This was a hike I had been lusting over for about a year before finally taking the plunge. Ever since this beauty made its way onto my radar (after visiting two of its neighbouring Munros, Ben Oss and Beinn Dubhchraig, in the summer of 2023, I’d tried to get some first-hand information from any hiker who had been up Ben Lui.
Unfortunately, thus far, I have only encountered those who had made the approach from the River Lochy car park along the A85. I had read and heard about this route so many times already, I knew it way too well for a trail that wasn’t even an option for me and my non-existent car (spoiler alert: it involves an unavoidable river crossing at the start).
However, the most obvious option for me was going to be the long approach from Tyndrum, which has a direct connection to Glasgow. It’s a long out-and-back of approximately 23 kilometres (when including Beinn a’ Chleibh. Having found this hike when the days were already starting to drastically shorten, I bookmarked it for the following summer, to do on an excellent-weather day. Hence, the year-long enquiries before properly checking it out for myself.
Ben Lui is one of four Munros in this area. It is possible to traverse all four in a day, though this is likely to be a point-to-point route from River Lochy car park to Ardormie or vice versa.
In Tyndrum, there are a few shops to stock up on snacks and drinks, as well as other outdoor gear you may have forgotten. Following a section of the West Highland Way, the route soon continues along a long bridleway for about 6 kilometres, leading to the gold mine and the foot of Ben Lui. Leaving the bridlepath, you’ll continue on the grassy path up the north corrie.
The ascent is steep and unrelenting from here. The day I went, the sky was a clear blue, and it was blisteringly hot for Scotland There is a stream cascading alongside the path for this first part of the ascent, which is a good spot to fill up with extra water, as there will be no more of these opportunities as the path veers away from the stream and heads up the west ridge of the corrie. A steep switchbacking path leads you to this ridge, which you’ll continue up along with the imposing summit looming above you. This was the section I had been hesitant about and had been hunched over various maps, asking anyone who might have done it what the edge here was like. As someone with some degree of vertigo, I didn’t want to put myself in a spot where I may be shaking too much to be safe. However, it was fairly manageable, with only one part that felt a little iffy and that I took note of for the way down, but nothing that stopped me from continuing. I will say that the lack of wind that day (though making it much hotter) was likely also a factor in making the scarier bits feel very manageable. I say all this as someone who tends to be overly cautious. I hike alone and don’t want to end up in unnecessary predicaments. It’s a gorgeous way up the mountain and might be one of my favourite Scottish hikes so far. Definitely worthy of a repeat.
Upon reaching the ridge, you’ll join the path coming from the eastern car park. Soon, you’ll reach the summit, where you’re treated to stunning views of the surrounding mountains of Ben Lomond and the Trossachs National Park.

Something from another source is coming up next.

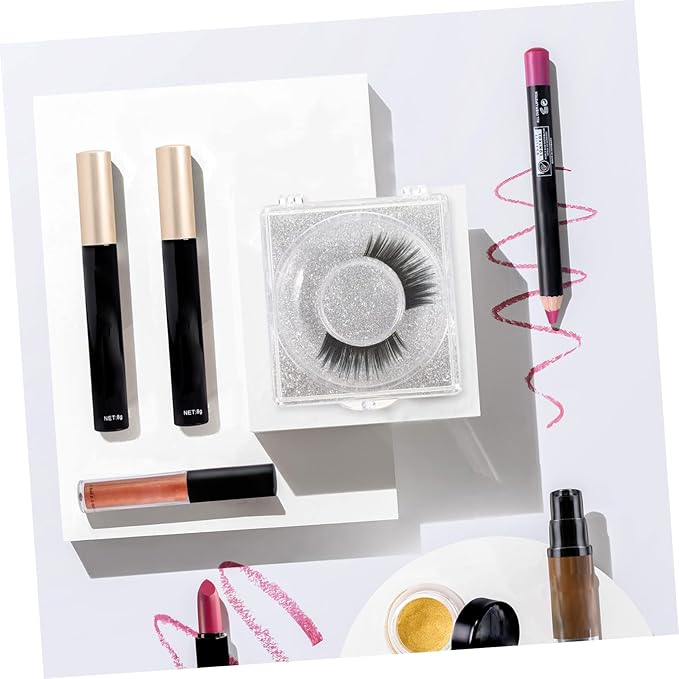 FOYTOKI 6pcs Eyelash Storage Boxes Square Glitter Eyelash Packaging Cases Unique Silver Card Design for Easy Viewing and Protection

You can add another Munro, Beinn a’ Chleibh, to this hike, which is what I did by continuing south.
This starts with a long, switchbacky descent down 300 metres to the saddle and continues on a fairly easy ascent, though with a slightly rougher path at times, leading up to the summit of Beinn a’Chleibh.
After this, it was an absolutely brutal trek back up Ben Lui, a not too scary descent, and then an excruciatingly long way along the bridleway back to Tyndrym.
Back at the train station, I ate my sandwich and Twix bar, which for some reason, has been my go-to reward for hikes, while waiting for the last train back to Edinburgh.